The aircraft only had three lavatories; one in the front for business class and two in the rear for economy class. The two rear lavatories are very small, with barely enough room to turn around. Thankfully, the water did not splash all over the mirror and door, but that’s only because the pressure has been turned down. They are what they are, but as North Americans grow larger, these faculties are pretty poor.
Food + Drink
Flight attendants began service about 30 minutes after takeoff, with economy class passengers offered a complimentary drink. I appreciated that Air Canada has lemon wedges, something that has been missing on United for two years now.
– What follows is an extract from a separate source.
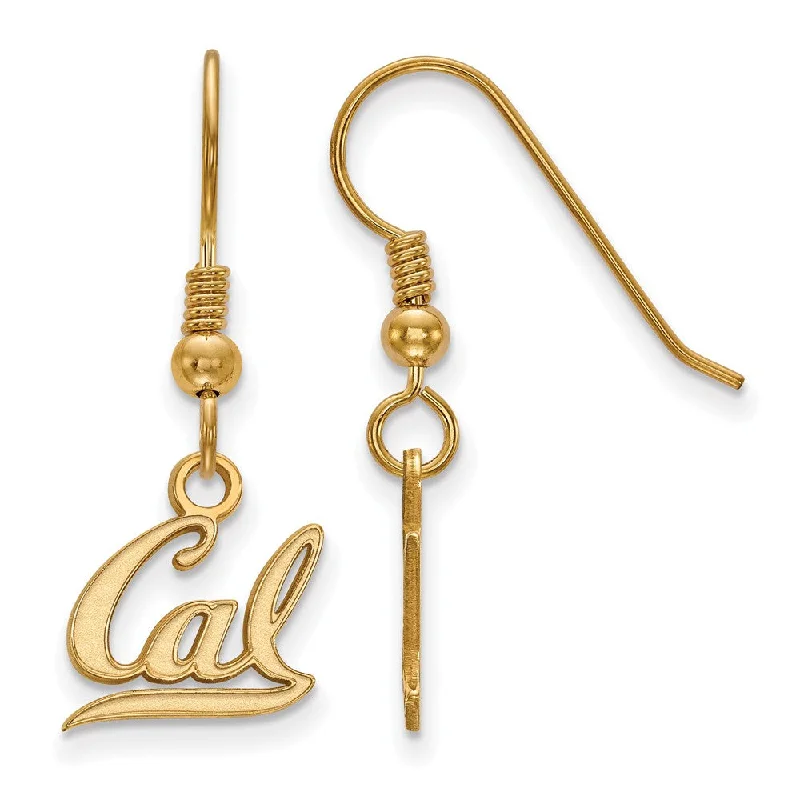 women's simple earrings-14k Gold Plated Silver U of California Berkeley XS Tiny Dangle Earring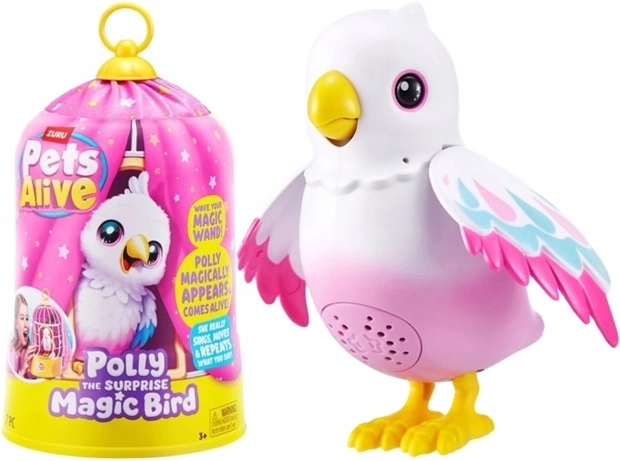 ZURU Pets Alive Polly, pajarito mágico con sorpresa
I had originally planned to order pizza, but noticed that unspecified “meals” were available for C$13.5o. I asked what that was and a flight attendant called out to her colleague, asking if there were any business class meals left. Indeed, there was a chicken dish available. C$13.50 for a business class meal? Yes, please.
The meal was delivered covered in foil on a small tray. Unwrapping it, I found chicken in a mushroom sauce with carrots, broccoli, and Israeli couscous. While it was not served with metal cutlery, plastic utensils were provided.
I found the dish very tasty and greatly appreciated the concept of being able to order a business class meal in economy class.
My meal came with a side, and I chose cashews.
Full menu here.
We landed ahead of schedule in Vancouver, with an actual flight time of two hours and twenty minutes. As I look back on my flight, I note the missing wi-fi, but loved everything else about this flight, particularly the large IFE screen and meal for purchase. I would not hesitate to fly on the Air Canada 737 MAX 8 again, even if the flight was more crowded.